Apache Hadoop High Availability
Also available as:
PDF
loading table of contents...

HBase Cluster Replication Details

Figure 4.2. HBase Replication Architecture Overview


WAL (Write Ahead Log) Edit Process

A single WAL edit goes through the following steps when it is replicated to a slave cluster:

  1. An HBase client uses a Put or Delete operation to manipulate data in HBase.

  2. The RegionServer writes the request to the WAL in such a way that it can be replayed if the write operation is not successful.

  3. If the changed cell corresponds to a column family that is scoped for replication, the edit is added to the queue for replication.
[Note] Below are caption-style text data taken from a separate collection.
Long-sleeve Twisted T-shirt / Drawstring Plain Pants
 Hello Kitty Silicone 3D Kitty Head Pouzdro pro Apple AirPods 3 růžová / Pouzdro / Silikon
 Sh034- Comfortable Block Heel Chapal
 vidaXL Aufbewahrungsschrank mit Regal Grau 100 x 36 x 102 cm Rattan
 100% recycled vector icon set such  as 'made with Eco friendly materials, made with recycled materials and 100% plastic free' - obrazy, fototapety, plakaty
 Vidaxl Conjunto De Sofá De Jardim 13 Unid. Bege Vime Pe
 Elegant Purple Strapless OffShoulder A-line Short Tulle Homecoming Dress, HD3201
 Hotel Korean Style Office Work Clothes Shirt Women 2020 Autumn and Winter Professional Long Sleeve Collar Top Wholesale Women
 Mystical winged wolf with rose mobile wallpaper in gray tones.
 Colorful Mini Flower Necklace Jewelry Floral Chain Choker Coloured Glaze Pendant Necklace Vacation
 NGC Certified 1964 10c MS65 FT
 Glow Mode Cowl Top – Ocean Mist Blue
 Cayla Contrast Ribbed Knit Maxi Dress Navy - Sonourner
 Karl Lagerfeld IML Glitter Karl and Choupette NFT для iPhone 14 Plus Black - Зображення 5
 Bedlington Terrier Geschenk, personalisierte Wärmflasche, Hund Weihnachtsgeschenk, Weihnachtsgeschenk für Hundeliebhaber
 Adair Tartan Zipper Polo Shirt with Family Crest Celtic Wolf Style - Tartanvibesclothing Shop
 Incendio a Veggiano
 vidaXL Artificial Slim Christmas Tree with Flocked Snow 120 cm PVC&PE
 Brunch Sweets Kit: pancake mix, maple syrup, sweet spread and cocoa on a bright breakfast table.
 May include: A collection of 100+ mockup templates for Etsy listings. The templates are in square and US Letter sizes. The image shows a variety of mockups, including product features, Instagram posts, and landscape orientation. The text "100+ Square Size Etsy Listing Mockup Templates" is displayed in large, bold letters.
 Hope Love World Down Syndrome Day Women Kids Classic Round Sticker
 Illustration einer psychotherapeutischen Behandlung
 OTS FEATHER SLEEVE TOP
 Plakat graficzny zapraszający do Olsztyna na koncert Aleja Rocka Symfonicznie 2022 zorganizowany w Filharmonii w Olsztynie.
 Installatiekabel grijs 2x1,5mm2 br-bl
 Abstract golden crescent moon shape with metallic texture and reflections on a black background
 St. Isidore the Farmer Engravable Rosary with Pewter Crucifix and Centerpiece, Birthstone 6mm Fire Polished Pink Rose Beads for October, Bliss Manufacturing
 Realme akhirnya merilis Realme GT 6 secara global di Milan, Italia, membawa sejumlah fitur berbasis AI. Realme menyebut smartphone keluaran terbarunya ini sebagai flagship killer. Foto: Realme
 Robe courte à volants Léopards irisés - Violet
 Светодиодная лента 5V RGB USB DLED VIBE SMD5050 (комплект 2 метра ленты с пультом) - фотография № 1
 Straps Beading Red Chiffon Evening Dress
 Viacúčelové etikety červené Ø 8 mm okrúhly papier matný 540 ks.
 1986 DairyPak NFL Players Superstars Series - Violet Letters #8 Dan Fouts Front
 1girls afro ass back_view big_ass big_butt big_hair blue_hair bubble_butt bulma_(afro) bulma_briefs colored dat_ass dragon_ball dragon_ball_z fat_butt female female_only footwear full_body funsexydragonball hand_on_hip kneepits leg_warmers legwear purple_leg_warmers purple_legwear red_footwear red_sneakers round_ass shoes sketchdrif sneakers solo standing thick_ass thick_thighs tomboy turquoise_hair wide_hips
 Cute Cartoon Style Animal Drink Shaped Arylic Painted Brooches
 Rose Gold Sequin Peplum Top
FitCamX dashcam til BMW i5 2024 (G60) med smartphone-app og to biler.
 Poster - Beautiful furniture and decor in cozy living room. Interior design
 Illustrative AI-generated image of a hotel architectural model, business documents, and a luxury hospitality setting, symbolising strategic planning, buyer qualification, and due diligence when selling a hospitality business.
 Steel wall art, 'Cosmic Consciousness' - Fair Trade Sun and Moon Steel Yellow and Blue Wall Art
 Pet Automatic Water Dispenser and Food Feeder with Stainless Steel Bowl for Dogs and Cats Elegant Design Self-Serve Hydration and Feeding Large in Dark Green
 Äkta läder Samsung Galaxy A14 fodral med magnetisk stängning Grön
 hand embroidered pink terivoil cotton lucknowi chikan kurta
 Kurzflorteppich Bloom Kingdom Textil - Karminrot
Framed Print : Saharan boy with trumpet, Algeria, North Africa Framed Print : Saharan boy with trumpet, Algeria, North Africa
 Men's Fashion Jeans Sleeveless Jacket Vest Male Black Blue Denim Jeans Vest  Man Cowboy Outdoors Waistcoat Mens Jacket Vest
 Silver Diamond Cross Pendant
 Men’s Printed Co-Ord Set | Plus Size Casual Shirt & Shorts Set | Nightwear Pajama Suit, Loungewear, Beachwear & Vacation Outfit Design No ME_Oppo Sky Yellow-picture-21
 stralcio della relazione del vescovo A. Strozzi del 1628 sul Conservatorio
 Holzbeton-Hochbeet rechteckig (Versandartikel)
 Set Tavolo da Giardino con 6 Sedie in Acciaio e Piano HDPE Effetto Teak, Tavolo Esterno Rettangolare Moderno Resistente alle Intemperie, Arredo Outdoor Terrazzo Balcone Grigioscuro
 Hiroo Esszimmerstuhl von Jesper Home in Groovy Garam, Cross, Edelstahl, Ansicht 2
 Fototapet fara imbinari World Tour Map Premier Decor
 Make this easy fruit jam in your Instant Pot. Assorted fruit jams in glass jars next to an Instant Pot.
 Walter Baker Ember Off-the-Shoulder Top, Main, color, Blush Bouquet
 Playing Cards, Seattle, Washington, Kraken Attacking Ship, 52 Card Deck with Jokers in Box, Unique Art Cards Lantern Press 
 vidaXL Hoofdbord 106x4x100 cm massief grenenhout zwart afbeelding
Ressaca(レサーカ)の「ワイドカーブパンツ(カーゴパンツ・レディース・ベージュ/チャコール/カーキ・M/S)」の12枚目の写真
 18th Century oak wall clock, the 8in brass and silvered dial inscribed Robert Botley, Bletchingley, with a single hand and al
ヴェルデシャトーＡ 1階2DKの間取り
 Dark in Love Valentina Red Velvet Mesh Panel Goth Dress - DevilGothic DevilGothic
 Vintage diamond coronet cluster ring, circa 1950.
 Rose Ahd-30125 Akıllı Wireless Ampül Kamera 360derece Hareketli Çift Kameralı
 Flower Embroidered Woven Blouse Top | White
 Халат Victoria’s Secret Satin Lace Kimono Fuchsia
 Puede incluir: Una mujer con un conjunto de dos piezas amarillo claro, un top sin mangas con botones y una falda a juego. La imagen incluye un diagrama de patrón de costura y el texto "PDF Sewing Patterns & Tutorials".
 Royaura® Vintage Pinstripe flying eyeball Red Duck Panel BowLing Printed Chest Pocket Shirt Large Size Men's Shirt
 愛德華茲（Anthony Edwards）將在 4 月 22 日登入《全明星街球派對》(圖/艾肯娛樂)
  4. In a separate thread, the edit is read from the log as part of a batch process. Only the KeyValues that are eligible for replication are kept. KeyValues that are eligible for replication are those KeyValues that are:

    • Part of a column family whose schema is scoped GLOBAL

    • Not part of a catalog such as hbase:meta

    • Have not originated from the target slave cluster

    • Have not already been consumed by the target slave cluster

  5. The WAL edit is tagged with the master’s UUID and added to a buffer. When the buffer is full or the reader reaches the end of the file, the buffer is sent to a random RegionServer on the slave cluster.

  6. The RegionServer reads the edits sequentially and separates them into buffers, one buffer per table. After all edits are read, each buffer is flushed using Table, the HBase client. The UUID of the master RegionServer and the UUIDs of the slaves, which have already consumed the data, are preserved in the edits when they are applied. This prevents replication loops.

  7. The offset for the WAL that is currently being replicated in the master is registered in ZooKeeper.

  8. The edit is inserted as described in Steps 1, 2, and 3.

  9. In a separate thread, the RegionServer reads, filters, and edits the log edits as described in Step 4. The slave RegionServer does not answer the RPC call.

  10. The master RegionServer sleeps and tries again. The number of attempts can be configured.

  11. If the slave RegionServer is still not available, the master selects a new subset of RegionServers to replicate to, and tries again to send the buffer of edits.

  12. Meanwhile, the WALs are rolled and stored in a queue in ZooKeeper. Logs that are archived by their RegionServer (by moving them from the RegionServer log directory to a central log directory) update their paths in the in-memory queue of the replicating thread.

  13. When the slave cluster is finally available, the buffer is applied in the same way as during normal processing. The master RegionServer then replicates the backlog of logs that accumulated during the outage.